Drawing on my master’s research, during which I interviewed intelligence practitioners about the NIM, this blog discusses the limits of the National Intelligence Model identified by my interviewees- culture, dynamic decision making and information sharing- and how these can lead to intelligence failures.
The National Intelligence Model
The NIM is a business framework which provides structure in a police investigation to process information and turn this into actionable intelligence. Innes and Sheptycki (2004, p.6) explain the distinction between information and intelligence thus:
Information consists of bits of data that, when combined and viewed together with relevant background knowledge, may be used to produce intelligence, which informs the actions and decisions of policing organisations.
The NIM allows information to be processed through different points of the decision-making cycle, generating intelligence to act on (Police ICT, 2019):
- Setting strategic direction
- Making decisions through the gathering of information
- Allocating resources
- Developing tactical plans
- Tasking and co ordinating activity
The collection, development and dissemination of intelligence allows decisions to be made about priorities and tactical options. The NIM works at three levels: level one- Local/Basic Command Unit could include low value thefts and criminal damage. Level two- force and or regional which involves more than one local command unit, advice from national experts and bordering forces. Finally, level three- serious and organised crime which is on a national and international scale.
The Limits of the NIM
In practice, investigators are able to leap back and forth between each stage of the process outlined above which could affect the analysis and investigators cognitive processes when making decisions. Gill and Phythian (2012) note, that police forces are at varying stages of development with the NIM, which means it is interpreted differently in different places, with police investigators having a varied approach, thereby contradicting consistency the model promotes.
So, is the NIM a hinderance to investigations or is it a framework that is instrumental in today’s policing? I interviewed six intelligence practitioners, five were from police forces in the UK. This included a Sergeant and a Chief Inspector; one individual based at the Ministry of Defence, one individual had twenty-five years of intelligence analysis, one managed a team which investigated cybercrime and the final individual was based in the RAF. They described problems with the NIM in three themes bases on the applicability and effectiveness of the model: culture, dynamic decision making and sharing information.
When referring to culture one means how police culture has changed since the forces adopted ILP for the better but also, how culture is a key factor in the causation of intelligence failures. When discussing intelligence failures (e.g 9/11, 7/7 bombings) two respondents suggested that errors can occur from managers being overconfident. Two experienced police officers expressed:
When discussing cultures, many emphasise a lot of time serve, so someone who has served thirty years despite their competence their views will be considered over a junior who also knows how to use the information, but they are not valued enough.

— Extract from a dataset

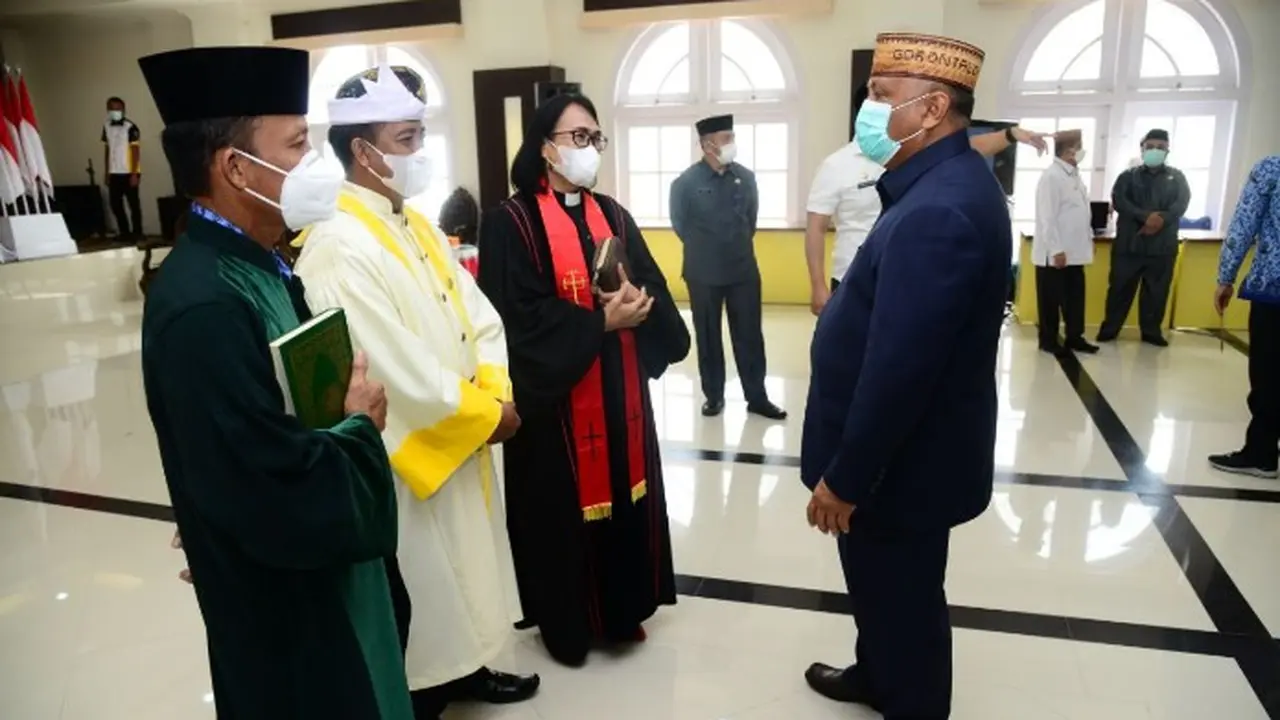 Gubernur Gorontalo Rusli Habibie, saat berbincang dengan 3 tokoh agama berbeda di Gorontalo (Arfandi Ibrahim/Liputan6.com)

Within the police there is very much a focus on police officers that they have the voice and analysts are staff members whose voices are probably less powerful.
This sentiment is also supported by a senior police professional
Senior police officers on the outside world show they are changing and they want to share things, however privately they are still very much I am the boss and we will do as I say.
This is a concern as analysts play a vital part in every investigation as they are the main source of information. Thus, culture must change to a more open-minded setting where top ranked police officers listen to analysts and take on board the suggestions which the individuals pose in terms of how to act on the available intelligence.
Practitioners described sharing information as a problem within their workplaces. This is supported by one respondent who provided the following answer:
Different organisations do not work together as it is classed as a hindrance to an effective investigation.
Senior officers are guilty of receiving information but then do not know what to do with it and don’t share it appropriately to those who know what to do with it.
This is of a concern due to there being a strong emphasis on the importance for organisations to understand other professionals and agencies and knowledge of the tasks performed by others (Alison and Crego, 2008).
However, one Sergeant in a police force spoke highly of analysts
My experience with police analysts, is that they are good at what they do, they won’t try to mask or embellish and they will say it how it is. I trust them very much in the products they produce are balanced.
From this, we could learn that analysts are valuable, and their voices must be heard. Instead of police forces just simply obtaining the reports produced by these experts, analysts must be seen as a key player during investigations, whom are able to make decisions and guide intelligence practitioners throughout for positive outcomes.
Dynamic decision making
Dynamic decision making discusses the pressures of the environment which the practitioners work in and how that can negatively impact decision making. One interviewee stated:
It is down to the analysts to take that step back, understand you are not going to have all the information all the time. The analogy of 80% of information on time is better than 100% information late.
Indeed, analysts want to improve their performance especially under such pressure however, to do this, analysts must remember their past decisions, knowing what they knew at the time and how the decision was made, this can be achieved by having a decision log. The effectiveness of the evaluation process and of the learning process to which it gives depends on the accuracy of the decisions under the pressures of the environment which the practitioners work under.
The NIM which information is generated through still has gaps and those gaps can cause intelligence failures. Many articles, books and journals focus on the analysts needing to be more blue skied thinking about the possibilities or too poorly focused (Richards, 2010; Gill and Phythian, 2012; Reiner, 2010. However, as one respondent noted, there are concerns with police training:
I oversaw analysts in the second biggest police force in the country and some of those analysts never received training in eighteen months.
Thus, the above comment might suggest that intelligence failures exist, not due to failing of individuals, but due to a lack of training or because the training provided is not of an appropriate standard.
In summary, taking all the above limitations of the NIM highlighted by my past research into consideration, for the NIM to be as effective as hoped, analysts need training around the model. But most importantly, police culture needs to change and listen to those who are vital to investigations- the analysts. However, from the findings it seems that improvement is far in the distance, thus my PhD research continues to understand the operation of intelligence processes, critically examining how information is generated, recognising forward communication processes and understanding whether the NIM is appropriate for all levels of policing, all of which will be answered in my PhD research.